19) Omikuji at Senso-Ji Temple
If you’re feeling lucky, why not try your hand at an omikuji? These written fortunes are commonly found at shrines and temples across Japan and offer a glimpse into your future.
To get your fortune, simply make a small offering at the shrine or temple (100 yen is usually sufficient), and then randomly choose a slip of paper from the box. Each slide contains a different fortune, ranging from good to bad luck.
Of course, you’re free to ignore the future if you don’t like what it says! However, if you’re feeling particularly superstitious, you can follow the instructions on the paper to eliminate any bad luck.
20) Enjoy a cup of tea at an old-fashioned Japanese tea house.
In Japan, the tea ceremony is a centuries-old tradition still practiced today.

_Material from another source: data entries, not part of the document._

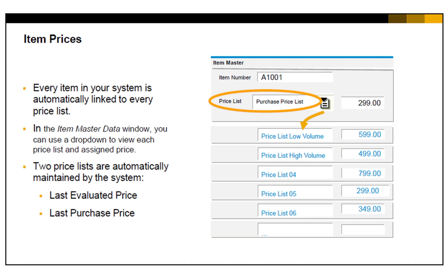When you look in an item master, you will see that you can view prices for multiple price lists directly in the item master. Only one price list will show at a time, but you can access each one and view the assigned price.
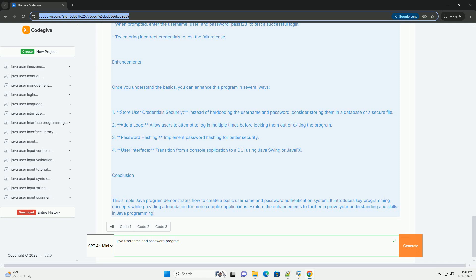Step 2: Create the Java program. First, create a new Java file named LoginSystem.java. Second, write the Java code for the login system. Here's a simple example of a console-based username and password authentication program.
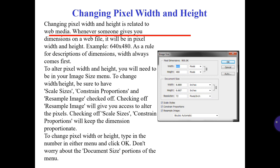Checking Resample Image gives you access to alter the picture dimensions. Checking Scale Styles and Constrain Proportions will keep the dimensions proportionate. To change pixel width or height, type in the number in the menu and click OK.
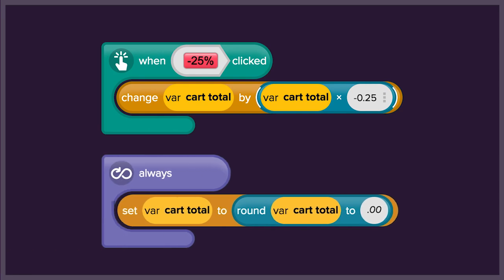We will also round the price so that it will display with two decimal points, just like in real shops.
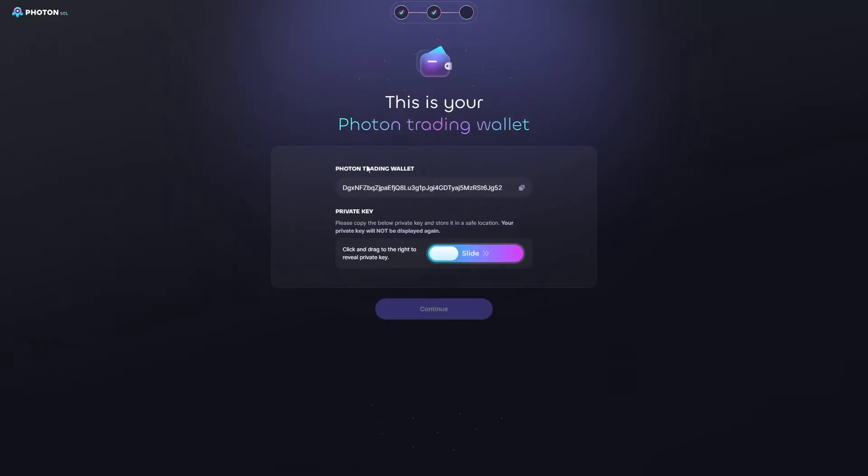And here we can see our trading wallet address as well as our private key. So, if we click and drag this to the right, we'll be able to see our private key, and then we can go ahead and copy that to our clipboard.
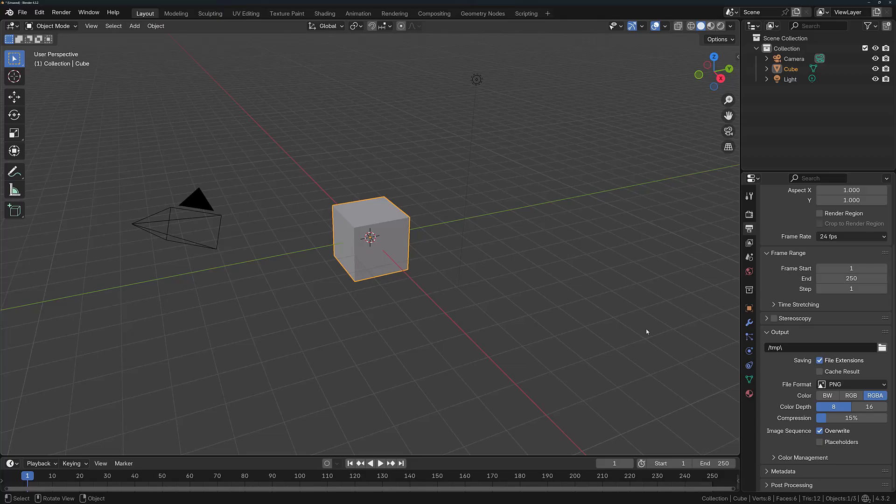But that pretty much wraps up all of the need-to-know stuff to get started with Blender for any purpose.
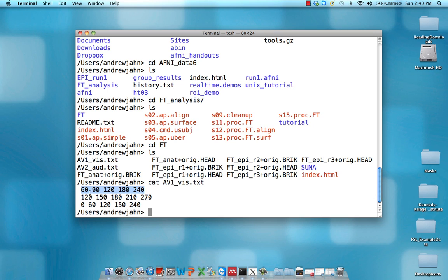So at 60 seconds, 90 seconds, 120 seconds, 180 seconds, 240 seconds in the first run, we had visual stimuli being presented. Then in the second run, the first time that we see visual stimulus is at 120 seconds, and then 150 seconds, and so on.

The ceremony aims to appreciate the simple pleasure of drinking tea, typically conducted in a tranquil setting such as a tea house or bamboo grove.
During the ceremony, participants sit on tatami mats and enjoy tea and a sweet snack. The tea is prepared using special utensils and served in delicate cups, often with beautiful designs.
The ceremony provides a welcome respite from the busyness of daily life; it is a chance to slow down and appreciate the simple things in life.
If you ever have the opportunity to participate in a Japanese tea ceremony, take advantage of it; it is an experience you will never forget.